Another job indoors is to keep a record of what you planted and where each year. Involve young children by turning the chart into a colourful scrapbook format. Use cut-up seed packets which the children can stick into the book.

Children sunflower seeds

How to use old seeds

Seeds from the previous year should be stored in a dry, frost-free, cool environment out of direct light.  If storing in a shed, put the seeds in an old tin so that any visiting rodents can’t access them for their winter food!

If you have seeds stored from the previous year how can you tell if they will still grow when sown?

  1. Make a blanket of two or three paper towels, and spray with water to moisten it.

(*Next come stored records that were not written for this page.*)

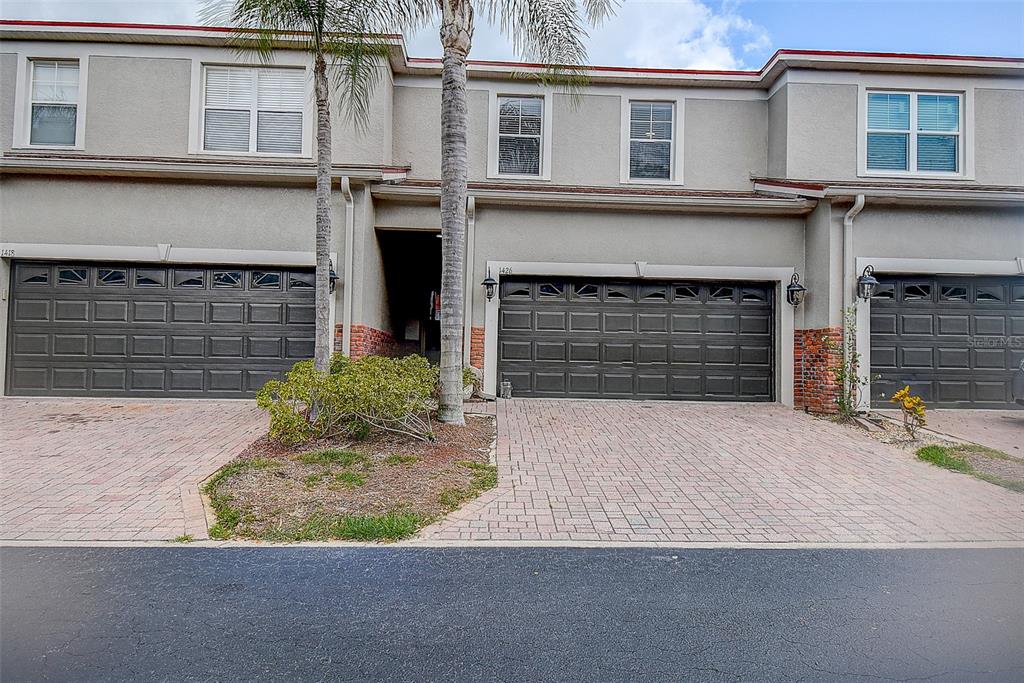 1426 HILLVIEW LANE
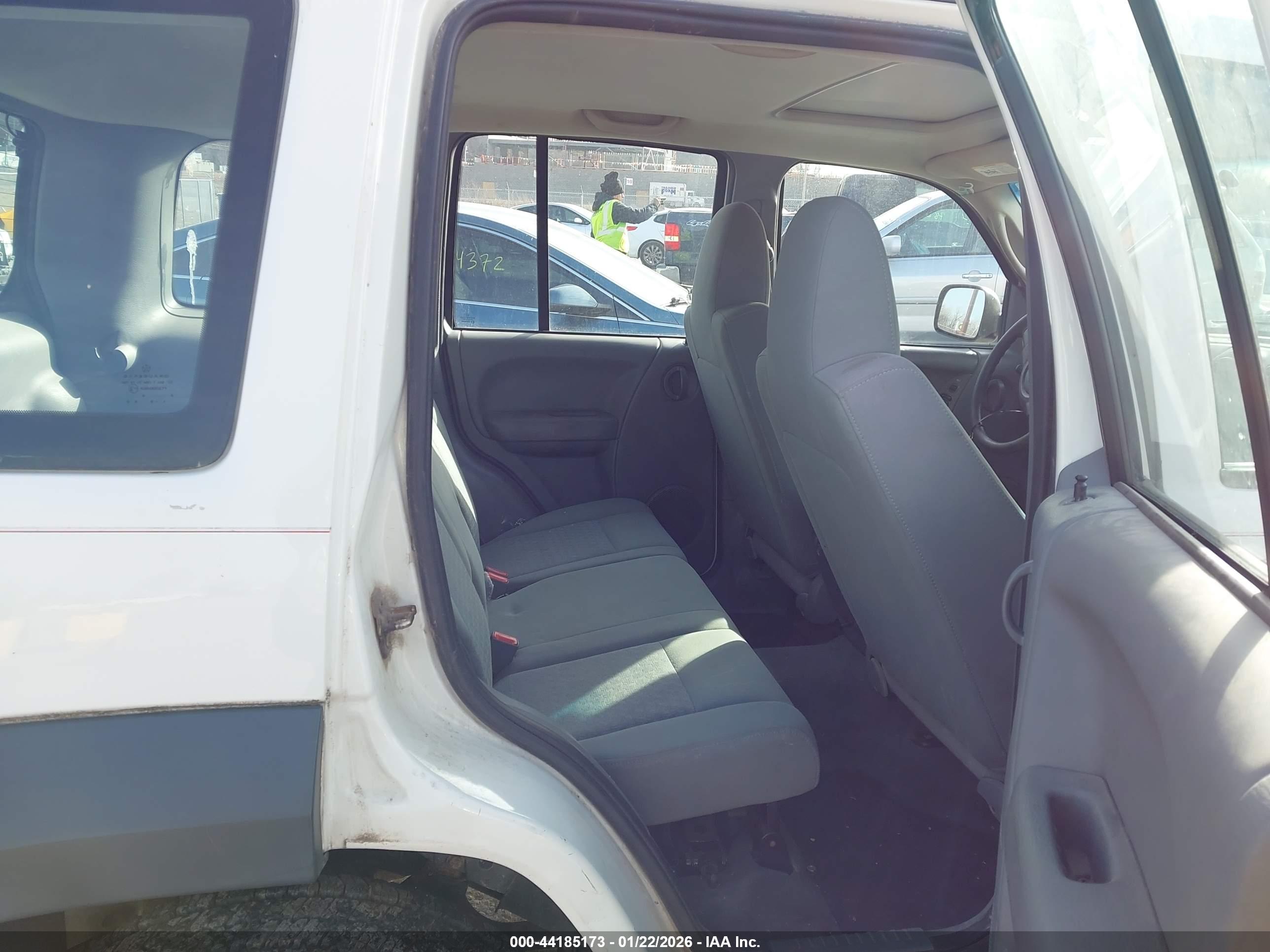 JEEP LIBERTY image 8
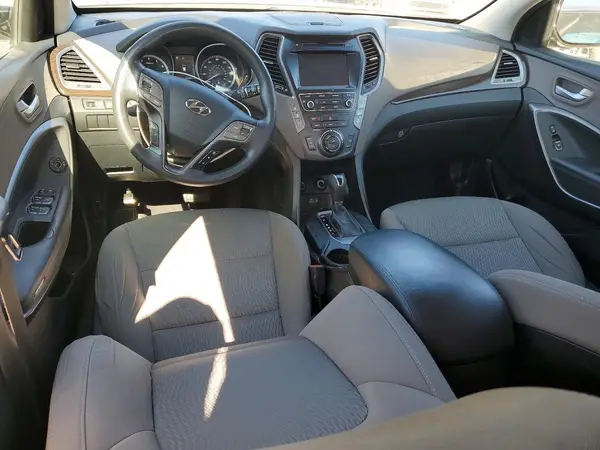KM8SM4HF0HU185650 2017 HYUNDAI SANTA FE - Image 8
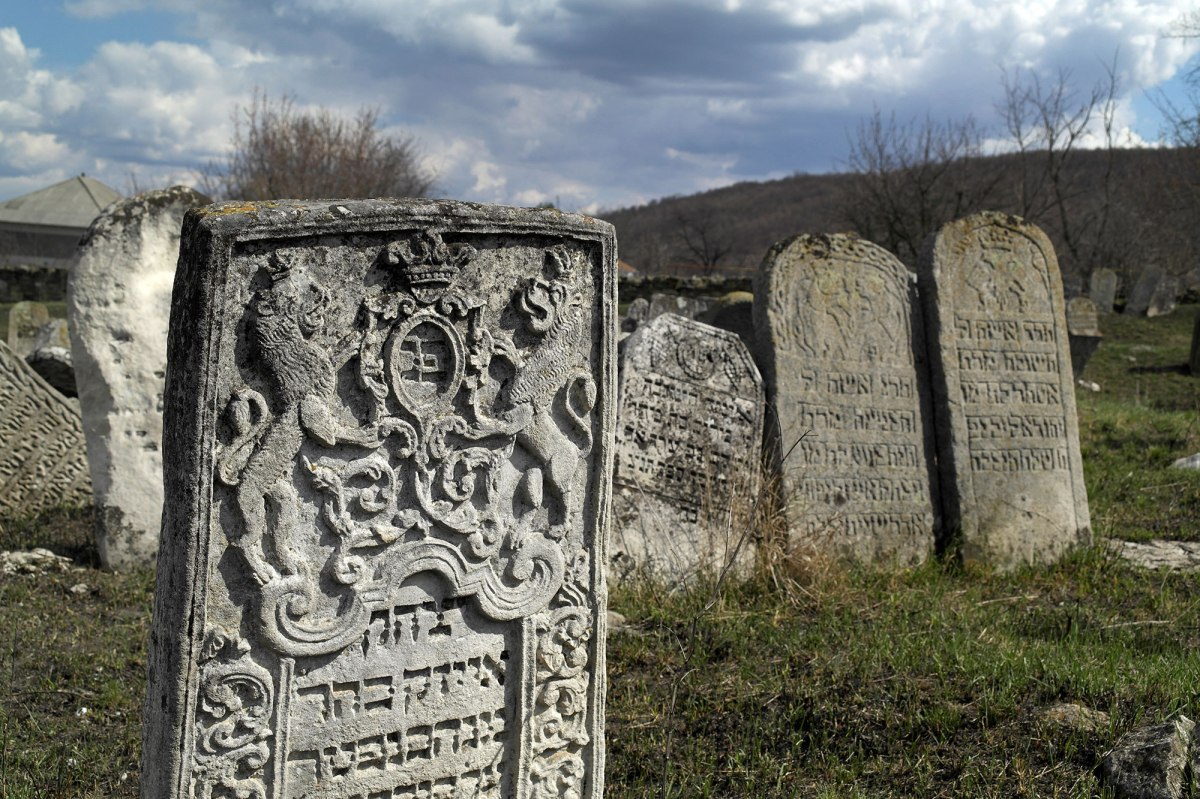 Vălcineţ - Jewish cemetery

Sprinkle 10 seeds or so on the towels, cover with more paper towels and spray again.
  2. Place the paper towels in a perforated plastic bag as this allows air to circulate.
  3. Put the bag in a dark place indoors for seven days checking regularly to make sure the towels haven’t dried out.  Spray with water if the paper towels start to look dry.
  4. After a week viable vegetable seeds will generally have started to germinate.  If most of the seeds placed in the paper towels germinate that gives a good indication that the rest of the seeds in the packet will also be viable.
Seeds on paper towel

By doing these jobs in early spring whilst the weather is still unreliable, you can be better prepared for later on.